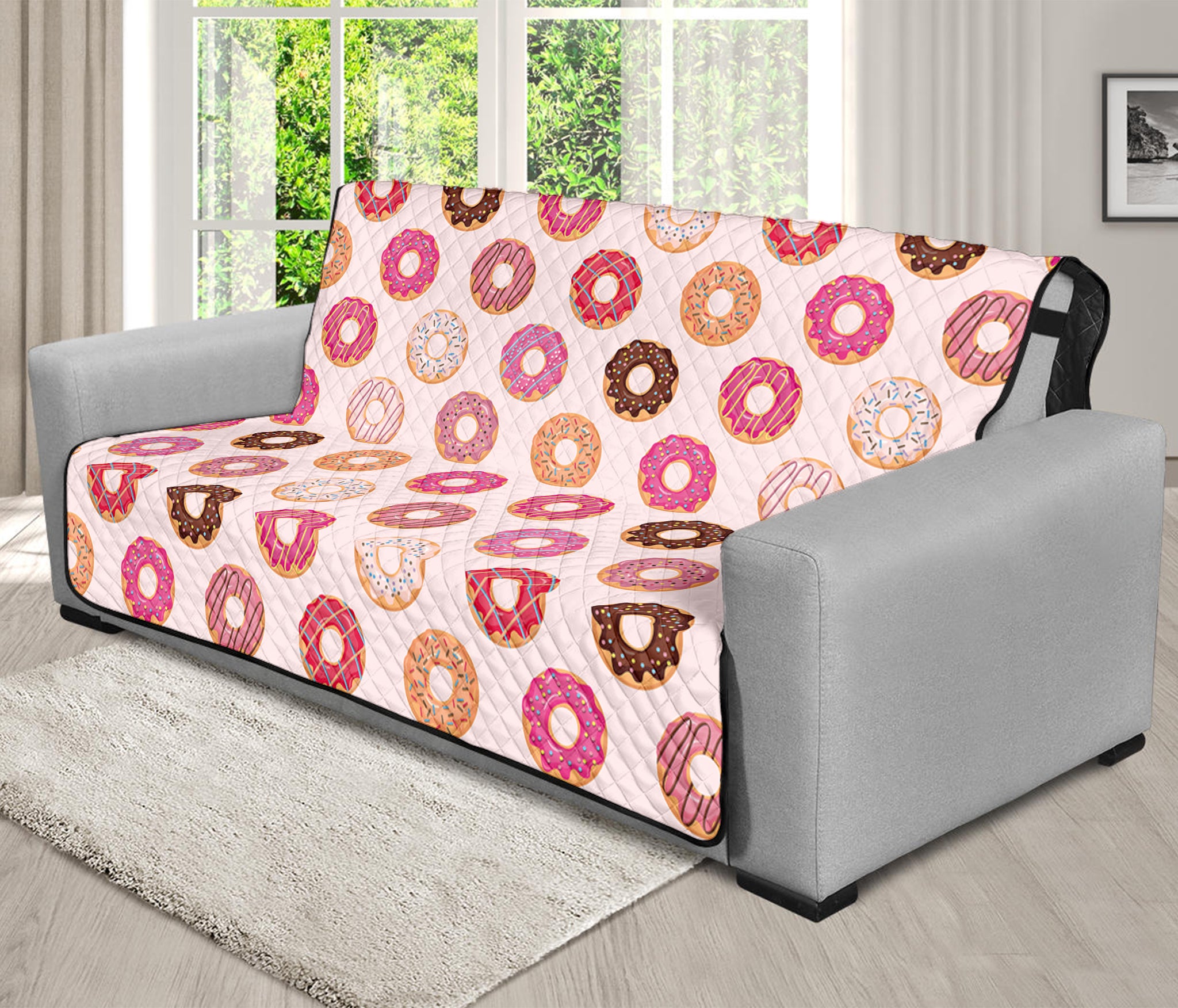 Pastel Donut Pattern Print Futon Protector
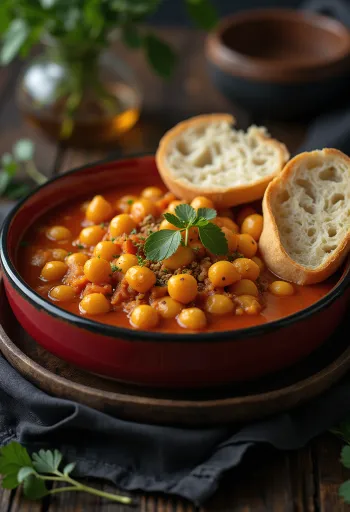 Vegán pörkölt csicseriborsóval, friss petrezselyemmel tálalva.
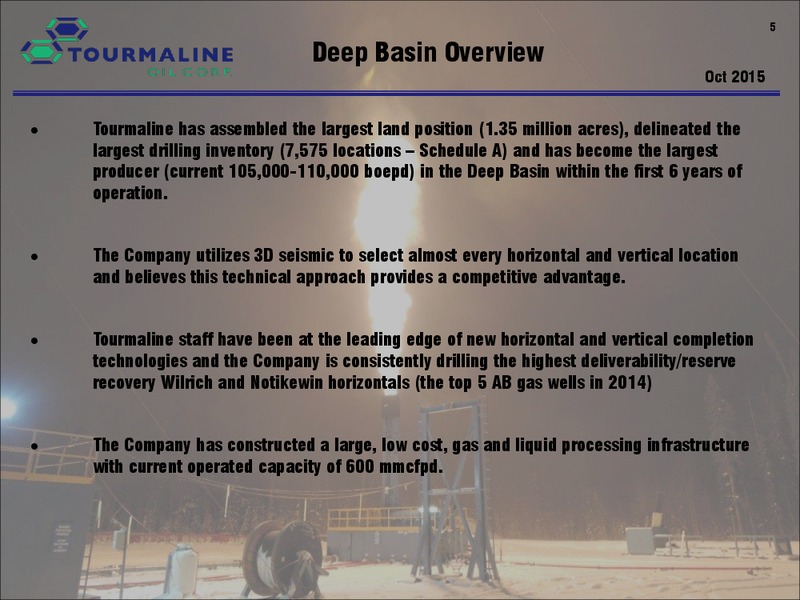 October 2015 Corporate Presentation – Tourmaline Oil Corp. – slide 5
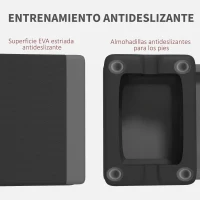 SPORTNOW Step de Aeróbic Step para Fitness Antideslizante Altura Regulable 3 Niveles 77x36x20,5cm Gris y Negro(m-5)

_Aim of the exercise_: Apart from the pictures, all of the data should be repeated exactly.

_Task result_:
 Pastel Donut Pattern Print Futon Protector
 Vegán pörkölt csicseriborsóval, friss petrezselyemmel tálalva.
 October 2015 Corporate Presentation – Tourmaline Oil Corp. – slide 5
 SPORTNOW Step de Aeróbic Step para Fitness Antideslizante Altura Regulable 3 Niveles 77x36x20,5cm Gris y Negro(m-5)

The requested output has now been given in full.